When Bormann arrived at the nursing home on March 17, a staffer at the center told her that her friend’s legal guardian had made several changes to the list of approved visitors following a scam that cost the man’s family half a million dollars. Although investigators tell WSYX that Ms. Bormann isn’t believed to be involved in the swindling, her name was nonetheless added to the do-not-admit list.
“I told them that I needed to see (him) because I needed to tell (him) that my visitation had been (canceled). And of course he was very upset, but I needed to tell him,” Bormann tells reporters.
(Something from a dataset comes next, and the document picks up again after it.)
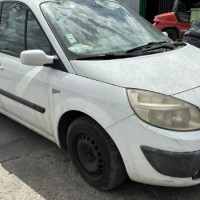 Vehicule-RENAULT-SCENIC-2-PHASE-2-2005-57357252c19ad550bd2b73106b9451209e70b1e06296bdf88605d55f74c610b0_mtn.jpg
The nursing home staff wasn’t all that understanding, though, and Bormann refused to leave until she was allowed to see her friend. That’s when the cops were called in.
Bormann tells the station that Columbus Police Officer Theodis N. Turner, III was dispatched to the nursing home to handle the situation. Bormann says the cop wasn’t willing to hear her side of the story, though.
“He said to me, ‘I’ve had enough of you,’ and he charged into me, basically, and somehow or the other, charged into my side, took my arm. It all happened so fast,” she tells WSYX.
“Before I know it, I was down on my knees and then, of course, I urinated, and I started a little crying, and pretty much I was just stunned.
“I was humiliated. I do believe that I’ve become a victim. It just was such a surprise and such a shock.”
The spokesperson for the Columbus Division of Police insists that Bormann provoked the assault that and that, despite the officer’s demands for her to leave, “she resisted him the whole time.”
When another officer arrived at scene, the second cop asked “Now this is why you call for backup?” court documents claim.
Bormann admitted guilt to a misdemeanor charge of criminal trespassing, but says the way the force handled the entire event was preposterous.
“It was quite traumatic for me, and then of course, it hurt,” she says.
Bormann’s attorney, Ashley Rutherford Starling, calls the entire incident “unbelievable.” She is helping the former school teacher and nun file a lawsuit that alleged the officer used excessive force and violated her client’s civil rights with the Federal Court for the Southern District of Ohio.